Smaller housebuilders are hoping the government’s decision to delay biodiversity net gain, BNG, rules until next year will lead to more practical requirements.

Although the housebuilding industry has supported the concept of a ten per cent BNG, on or off-site, they were worried the new rules would put SMEs out of business.

National Federation of Builders, NFB, chief executive Richard Beresford said: “We have worked incredibly hard on strategies to ensure BNG can work in practice and the announced delay gives us a chance to work more closely with the government to implement onsite solutions.

“By building in biodiversity, we can ensure development acts to grow habitats and stimulate species recovery, rather than acting as a block on wildlife corridors via offsetting credits.”

The trade body feared that SMEs would struggle to set aside enough land for BNG rules and wrote to the government last month with alternative options.

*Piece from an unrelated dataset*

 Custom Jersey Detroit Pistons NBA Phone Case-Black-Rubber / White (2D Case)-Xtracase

They were keen to see onsite solutions such as bat boxes and bee bricks included in the habitats’ metric for smaller developments. They have proposed the government adopt a two-year trial to see if this works for sites of up to 50 homes and that BNG be set at five per cent.

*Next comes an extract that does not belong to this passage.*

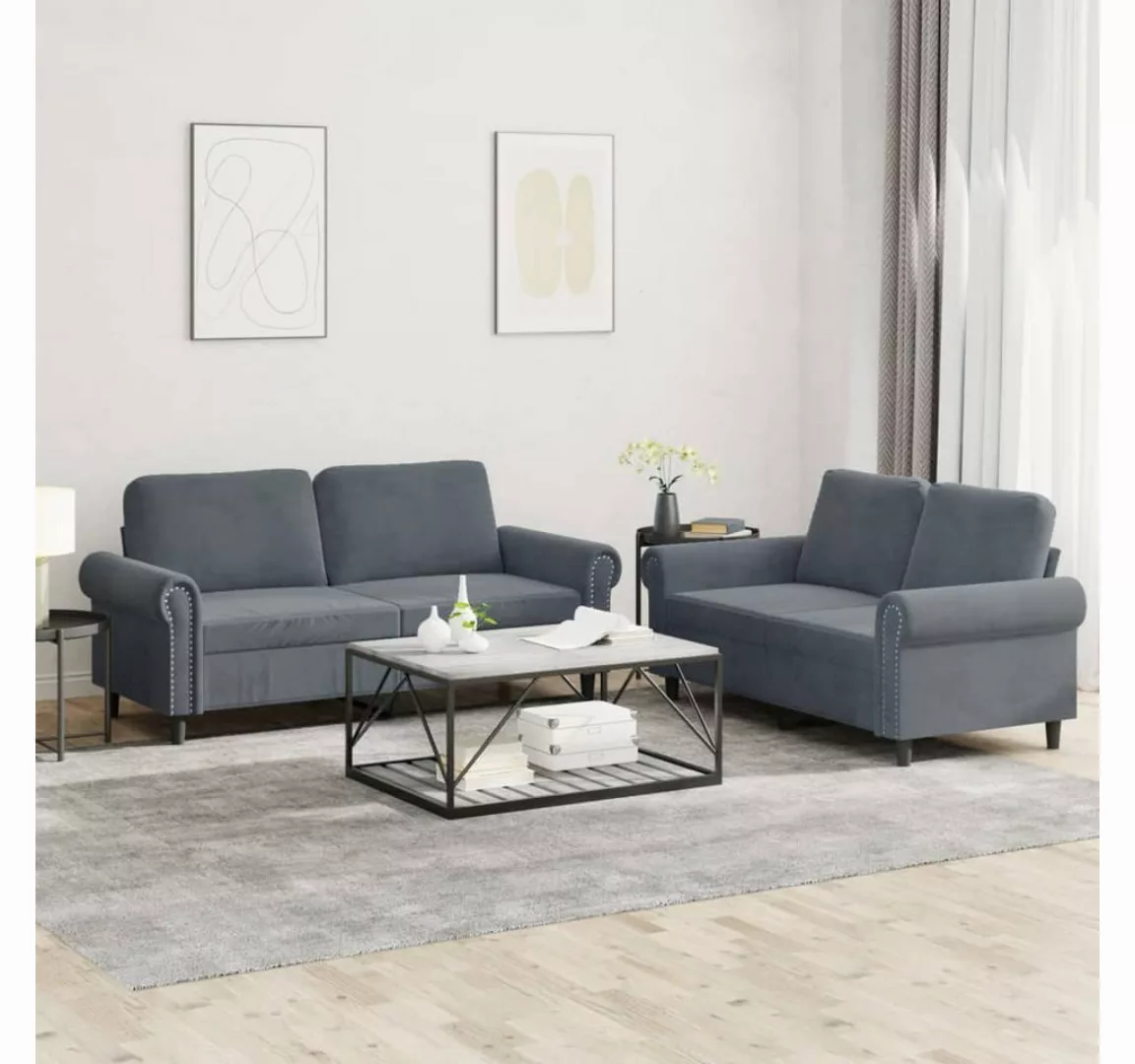 vidaXL Sofa Sofagarnitur Set mit Kissen Samt, 2-tlg., Dunkelgrau günstig online kaufen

“The evidence is clear, if you build in biodiversity, you improve biodiversity outcomes and our proposal achieves this in practice, rather than going down the offsetting route,” said Mr Beresford.

The House of Lords built environment committee said it was aware that developers on smaller sites would find it difficult to deliver on-site mitigation.

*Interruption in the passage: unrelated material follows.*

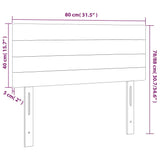 vidaXL Headboard LED 80x5x78/88 cm velvet light grey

“Large, and growing, up-front costs disincentivise developers of all sizes from entering the housing market. For smaller developers with limited access to finance they are a greater burden,” it said in its The Impact of Environmental Regulations on Development report published last week.

Guidance needs tightening up to prevent planning delays

The committee recommended the government review the range of ecological assessments required and issue guidance on which can be discretionary for smaller sites.

The Homebuilders Federation, HBF, said while the industry was committed to creating places that protect and enhance the natural environment the BNG rules could be improved.

HBF managing director Neil Jefferson said: “There are significant gaps in the government’s guidance which will not only prohibit local authorities’ abilities to effectively manage this new requirement but inevitably lead to further delays in the planning process.

“We need the government to deliver on its requirements such that industry can provide these huge environmental benefits alongside desperately needed new homes.”

Brokers Hank Zarihs Associates said development finance lenders would be keen to see BNG rules that adopted a more flexible approach for small sites.